Our Market Opportunity, page 4
| 2. | Please revise this subsection here and on page 63 to disclose the jurisdictions included in the market opportunity figures that you present. To the extent that the market opportunity figures include jurisdictions where you do not currently sell products, please revise to limit your market opportunity to the jurisdictions where your products are sold. |
Response to Comment No. 2: In response to the Staff’s comment, the Company respectfully advises the Staff that it has revised the disclosure on pages 4 and 66 of the Registration Statement.
Our Competitive Strengths, page 5
| 3. | Please revise this section to include an equally prominent discussion of your weaknesses. Your weakness should be presented with a level of detail similar to the discussion of your competitive strengths. |
Response to Comment No. 3: In response to the Staff’s comment, the Company respectfully advises the Staff that it has revised the disclosure on page 5 of the Registration Statement.

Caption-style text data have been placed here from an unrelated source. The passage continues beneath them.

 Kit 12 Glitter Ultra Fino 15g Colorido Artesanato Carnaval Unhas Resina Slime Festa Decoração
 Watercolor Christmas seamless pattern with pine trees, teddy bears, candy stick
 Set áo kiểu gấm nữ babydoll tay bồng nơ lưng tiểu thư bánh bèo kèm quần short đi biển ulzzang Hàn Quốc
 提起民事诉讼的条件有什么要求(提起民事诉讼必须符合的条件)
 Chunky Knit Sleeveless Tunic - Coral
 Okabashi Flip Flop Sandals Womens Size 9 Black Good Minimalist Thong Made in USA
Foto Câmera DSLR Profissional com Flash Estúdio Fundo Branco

Management's Discussion and Analysis of Financial Condition and Results of Operations Comparison of six months ended June 30, 2021 (unaudited) to six months ended June 30, 2020 (unaudited)
Revenue, page 49
| 4. | Please revise to address the following: • Revise to provide an indication of any pricing differences between sales made on Amazon and any other significant online retail venues versus your online store that contributed to the revenue recorded during the periods presented. • Revise your Overview section as well as your Results of Operations section for future periods to similarly compare the pricing on your online revenue streams to sales through your retail store partners. • Discuss pricing differences between nonprescription and prescription lenses, including the extent to which certain distribution channels have a different mix between the two, providing quantification of sales of each for the periods presented. • Clearly identify the extent to which the above factors affect your revenue pricing versus your cost of goods sold or both. |
Response to Comment No. 4: In response to the Staff’s comment, the Company respectfully advises the Staff that it has revised the disclosure on pages 47, 49 and 51 of the Registration Statement.

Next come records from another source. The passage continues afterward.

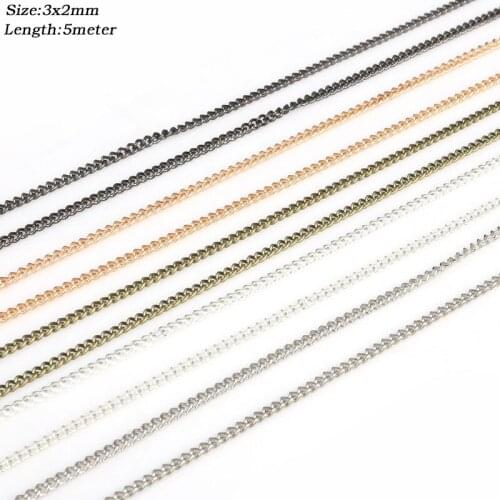 5meters/lot(3*2mm) Multiple Tone Plated Open Link Iron Metal Chains Findings For Jewelry Making Necklace Bracelet Chains DIY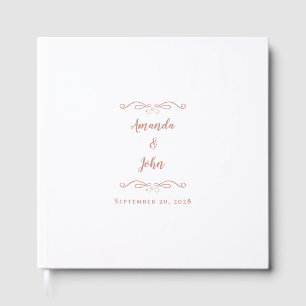Livre D'or Mariage Élégant Minimaliste Rose Gold Écriture Ros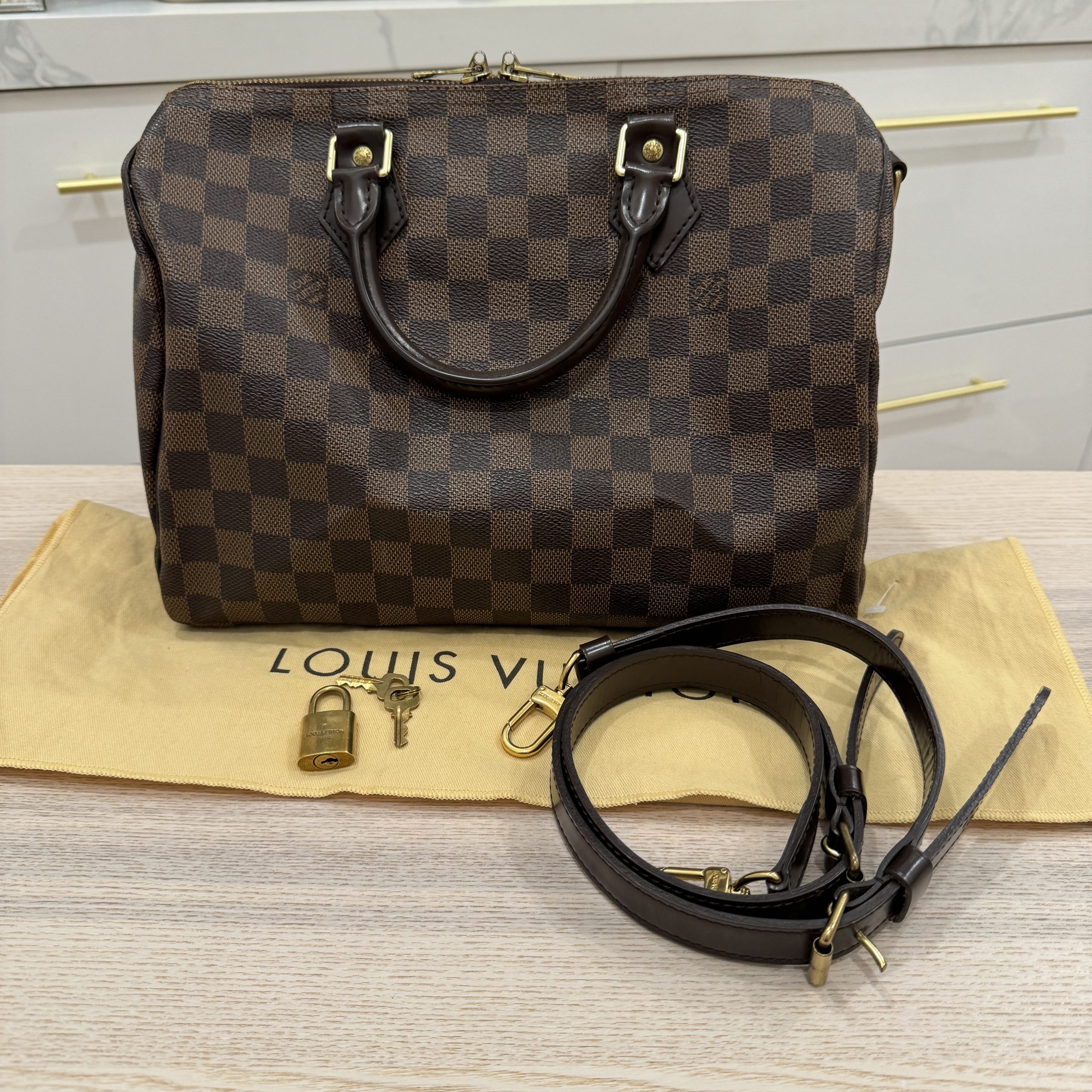 auth LOUIS VUITTON Speedy 30 Bandouliere Damier Ebene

Research and development costs, page 50
| 5. | Revise to quantify the amount of the increase in research and development expense separately for each of the factors cited. To the extent possible, revise to a breakdown of research and development expense that separately quantifies the amounts recorded for each of the significant projects for each period presented. |
Response to Comment No. 5: In response to the Staff’s comment, the Company respectfully advises the Staff that it has revised the disclosure on pages 52 of the Registration Statement.

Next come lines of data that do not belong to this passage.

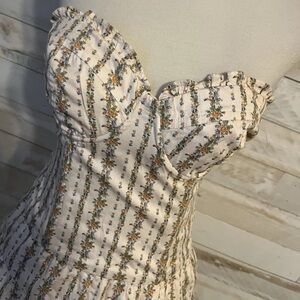 LoveShackFancy Cream and Orange Sequin Embellished Mini Dress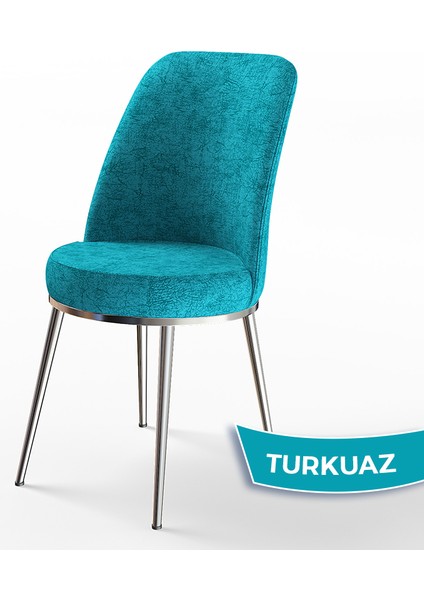 Dexa Serisi Sandalye Turkuaz Renk Krom Ayaklı Mutfak Sandalyesi Silinebilir Kumaş
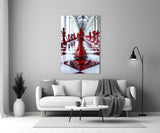 Elegant Chess Masterpiece Glass Wall Art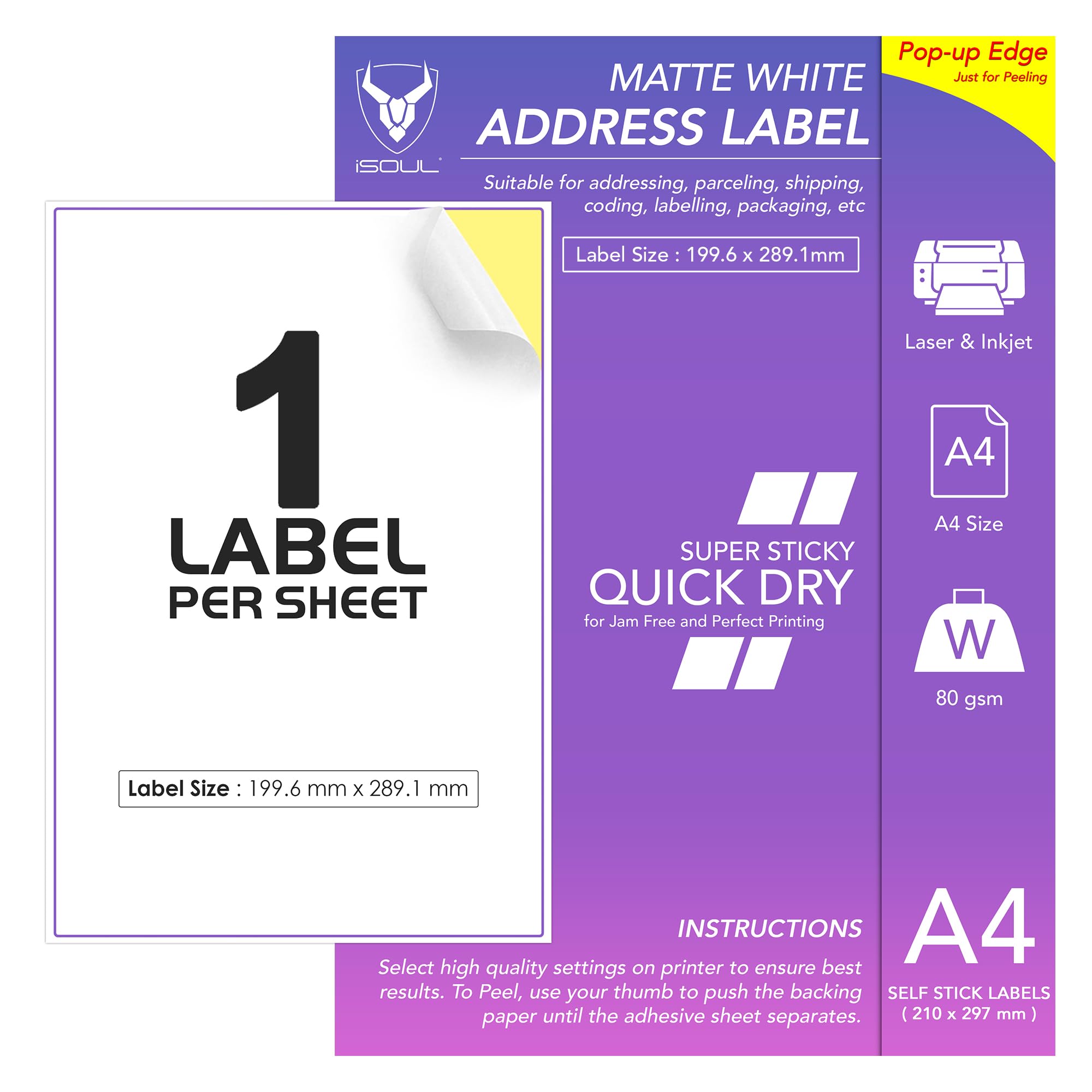 iSOUL Printable Printer Labels - 1 Label Per A4 Sheet, 50 Sheets Matte Self Adhesive Paper for Inkjet/Laser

Comparison of twelve months ended December 31, 2020 to period ended December 31, 2019, page 51
| 6. | Please revise to provide a discussion of impairment expense, including the nature of the impairment and provide a discussion of the whether the impairment is representative of any known trends or uncertainties that have had or that the registrant reasonably expects will have a material favorable or unfavorable impact on net sales or revenues or income from continuing operations. Reference Item 303(a)(3) of Regulation S-X. |
Response to Comment No. 6: In response to the Staff’s comment, the Company respectfully advises the Staff that it has revised the disclosure on page 53 of the Registration Statement.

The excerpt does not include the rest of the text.